Algorithms based on decision tree can be divided into two categories: one is based on trie, whose basic idea is to establish a hierarchical binary tree according to the classification rules, divide each dimension of the rules into one layer, then recursively expand the one-dimensional tree structure, and finally generate a k-dimensional hierarchical tree. The advantages of the algorithm based on trie are simplicity, directness and easy hardware implementation. Its disadvantage is that it takes a long backtracking time, which is not conducive to the expansion of the rule dimension and cannot directly support range matching. SplitTrie [18] improved the basic Trie-based algorithm, supporting multi-field search and avoiding backtracking, but the algorithm still does not support range matching.

Another algorithm based on decision tree is to build a decision tree by recursively decomposing multidimensional space. Typical classical algorithms are HiCuts, HyperCuts [19] and EffiCuts [20], etc. These algorithms divide the search space into several subspaces of equal size by using local optimization until the number of rules in each subspace is less than the predefined threshold τ. It shows excellent search performance, but equal-scale cutting will lead to huge storage requirements. H. Lim et al. reduced the memory consumption of the algorithm through boundary-based cutting [21]. Hybridcuts [22] divide rules on a single rule field instead of all fields, which reduces the number of subsets and the frequency of memory access. Bitcuts [23] and Uscuts cut rules based on bit and unit space, respectively, achieving a better balance between classification speed and space consumption. Bytecuts [24] intelligently divides classification rules into multiple trees through byte segmentation, thus reducing rule duplication. Mbitcuts [25] reduces the space consumption and memory access in the algorithm by changing the bit selection mode when cutting the geometric space model of each tree node.

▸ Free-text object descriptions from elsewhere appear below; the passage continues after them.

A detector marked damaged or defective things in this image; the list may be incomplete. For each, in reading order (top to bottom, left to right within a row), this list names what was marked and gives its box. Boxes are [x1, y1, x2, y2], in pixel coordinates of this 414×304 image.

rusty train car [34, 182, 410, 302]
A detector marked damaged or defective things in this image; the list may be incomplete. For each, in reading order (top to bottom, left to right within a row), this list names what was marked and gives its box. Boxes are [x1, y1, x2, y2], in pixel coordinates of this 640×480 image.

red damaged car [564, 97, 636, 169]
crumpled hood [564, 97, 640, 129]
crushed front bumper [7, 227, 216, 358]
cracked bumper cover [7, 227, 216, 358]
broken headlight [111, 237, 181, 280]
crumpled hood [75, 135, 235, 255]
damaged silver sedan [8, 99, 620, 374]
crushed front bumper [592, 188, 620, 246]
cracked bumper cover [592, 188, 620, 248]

Compared with the cutting-based method, the segmentation-based method divides the search space into multiple equal-density subsets. "Equal-density" means that the number of rules in each subset is almost the same. HyperSplit [26] is a classical segmentation method, which divides the search space into two equal dense subspaces. However, this method will lead to the increase in memory consumption as the number of rules increases. As an improved version of HyperSplit, ParaSplit [27] uses a new partitioning algorithm to reduce the complexity of classification rules and its memory consumption. CutSplit [28] combines the advantages of cutting and segmentation to improve the performance of packet classification. However, for different rules, their performance varies greatly, which is a common problem faced by most decision tree-based algorithms except "rule replication".

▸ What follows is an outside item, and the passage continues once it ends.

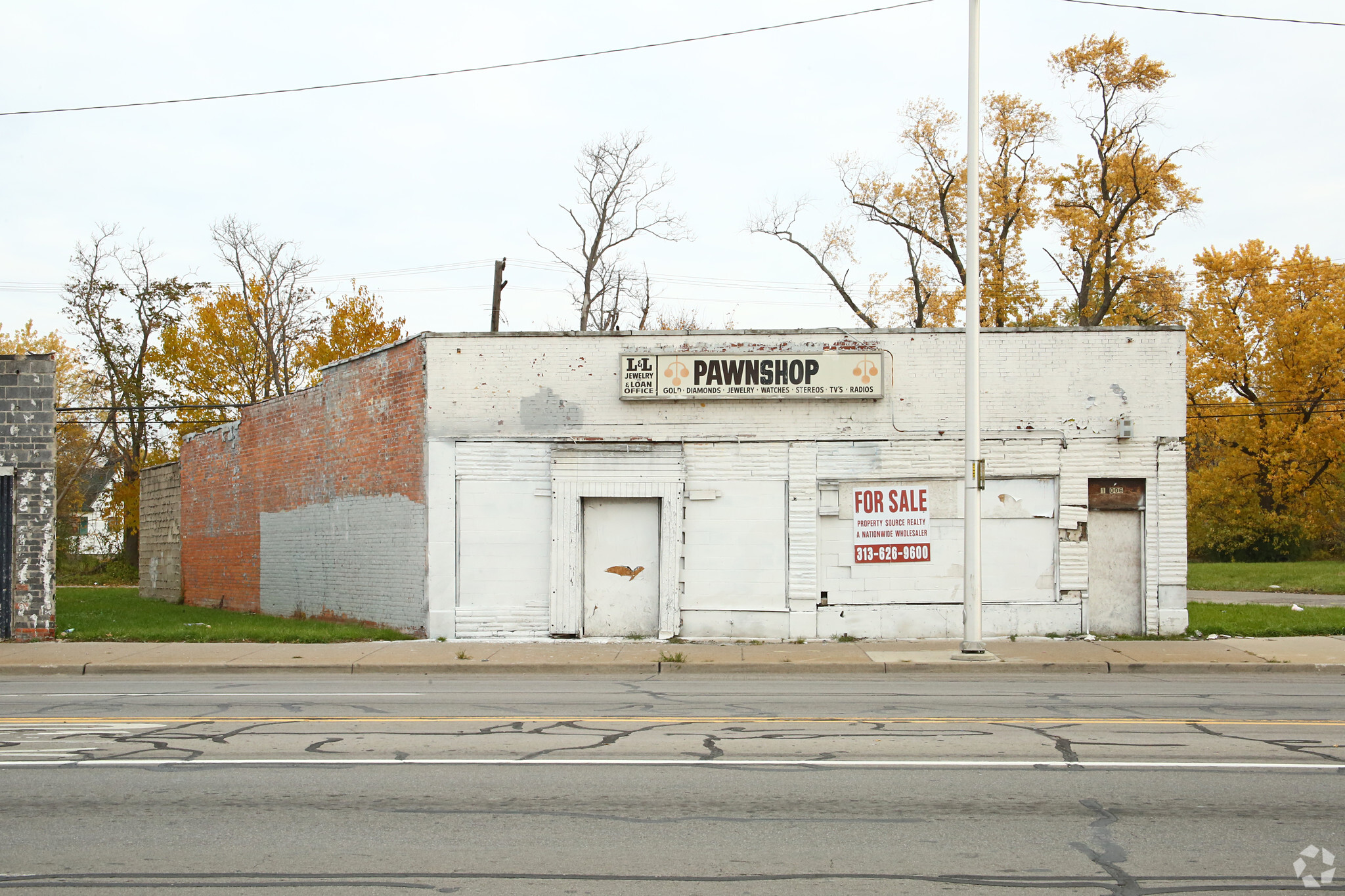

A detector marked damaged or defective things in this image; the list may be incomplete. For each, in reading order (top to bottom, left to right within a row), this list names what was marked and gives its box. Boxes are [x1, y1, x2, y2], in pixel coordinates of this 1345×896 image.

cracked asphalt [3, 677, 1345, 893]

At present, compared with other software-based classification methods, the method based on decision tree has more advantages in classification speed. Therefore, this paper continues to discuss the classification method based on decision tree, and optimizes the construction process of decision tree on the basis of existing methods, so as to further improve the classification speed.

3 The proposed approach

3.1 Problem description

According to the research and analysis of previous packet classification methods based on decision tree, the existing algorithms focus on how to transform the representation of classification rules from access control list to decision tree. Its core idea is to construct one or more decision trees covering all rules according to the characteristics of rules, including scale cutting, density splitting and boundary division. However, few methods consider the order of each layer when constructing decision trees.

Generally speaking, the key to construct a decision tree is to measure attribute selection, then construct different branches according to the different division of a certain attribute at a node, and determine the topology between each attribute. The attribute selection metric is to divide the data of the training set marked by a given category into the "best" category, which determines the choice of topology and split position. So we need to consider how to choose an attribute as the root node of the decision tree from the data set composed of multidimensional attributes. That is, how to choose the attribute with the largest disorder degree in the attribute set as the dividing node every time?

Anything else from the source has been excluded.